Eye Without a Face
8 Aug 2021
Dakota Shapiro, Luke Cook, Vlada Verevko, Rebecca Berg
“An agoraphobic young man named Henry (Dakota Shapiro,) living with Youtuber and struggling actor Eric (Luke Cook,) hacks the webcams of young women. He begins to suspect that one of them is a serial killer and cannibal.”
When writing reviews, I want to open with something that will make others feel intrigued enough to read and explore more of the text. However, there is no comparison between a three minute read and a nearly two hours long film – it is imperative to gasp viewers almost immediately in film. Eye Without a Face unfortunately leaves you wondering if there will ever be a moment of true intensity; one weighted enough for you to become part of the horror story that is strenuously unfolding.

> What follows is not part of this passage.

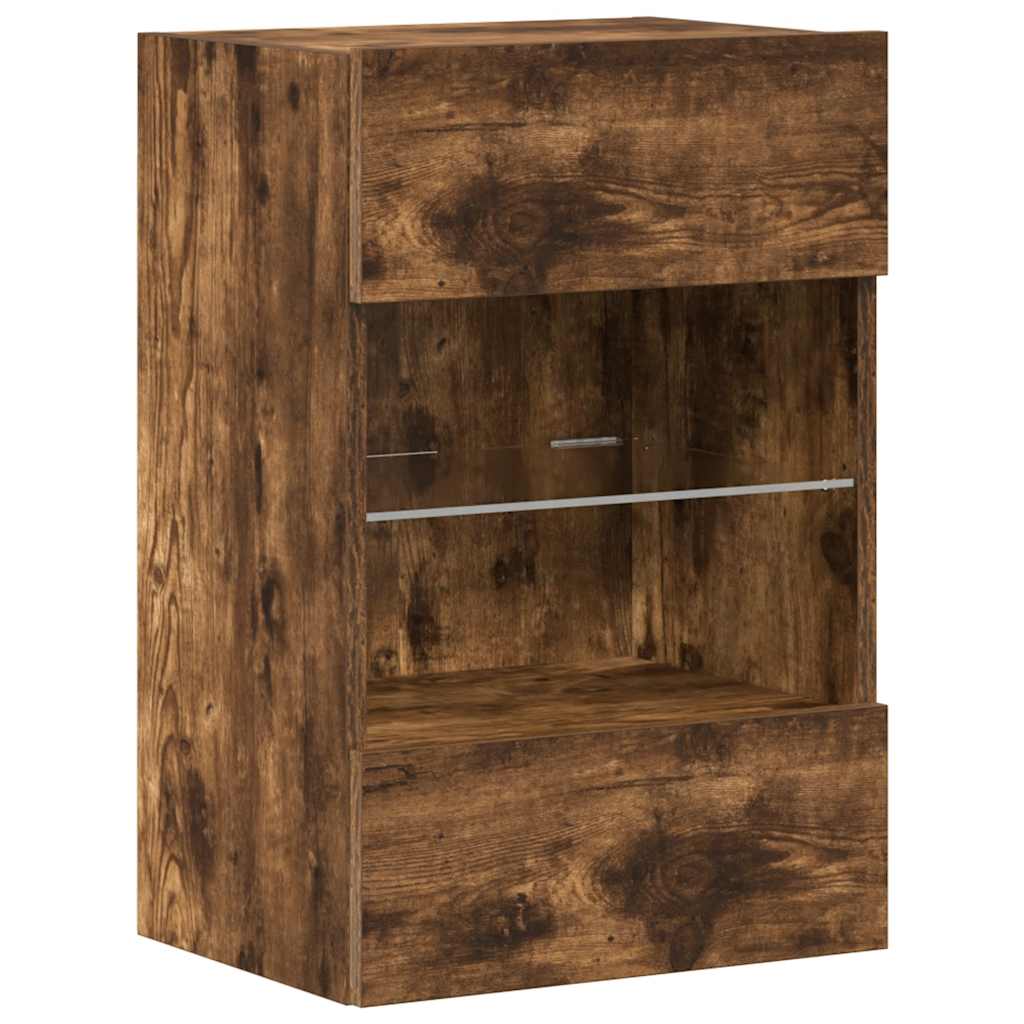 Nástenné skrinky s LED osvetlením pre TV 2 st rökfärgad ek 40x30x60,5 cm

Eye Without a Face progresses very slowly, in both the storyline and visually through cinematography. The story doesn’t expand at all and eventually just becomes predictable. Not predictable in a familiar ‘well, at least I can expect any sudden terrors now’ type of way, it feels more disappointing that you can instantly guess where the story is leading and how it will conclude. As well as this, there are elements of backstory introduced that aren’t expanded upon efficiently either. My guess is that such a painful backstory given to Henry was to make viewers feel conflicted within themselves; to feel empathy and sympathy for someone who is, simply put, a criminal. But because of the lack of further explanation it doesn’t have that effect. I felt a bit like Henry as I was watching the film – stuck in a dimly lit room in front of my computer, surrounded by unnerving silence that made me squirm in my seat. Maybe that was the intent, to make viewers feel as if they are part of Henry and his troubles, but if that was the intent then it definitely could have been executed better. I wish I was squirming like a fish out of water because I felt compelled by the horror in front of me but I was simply flapping around in hopes that the silence would collapse in on itself sooner or later.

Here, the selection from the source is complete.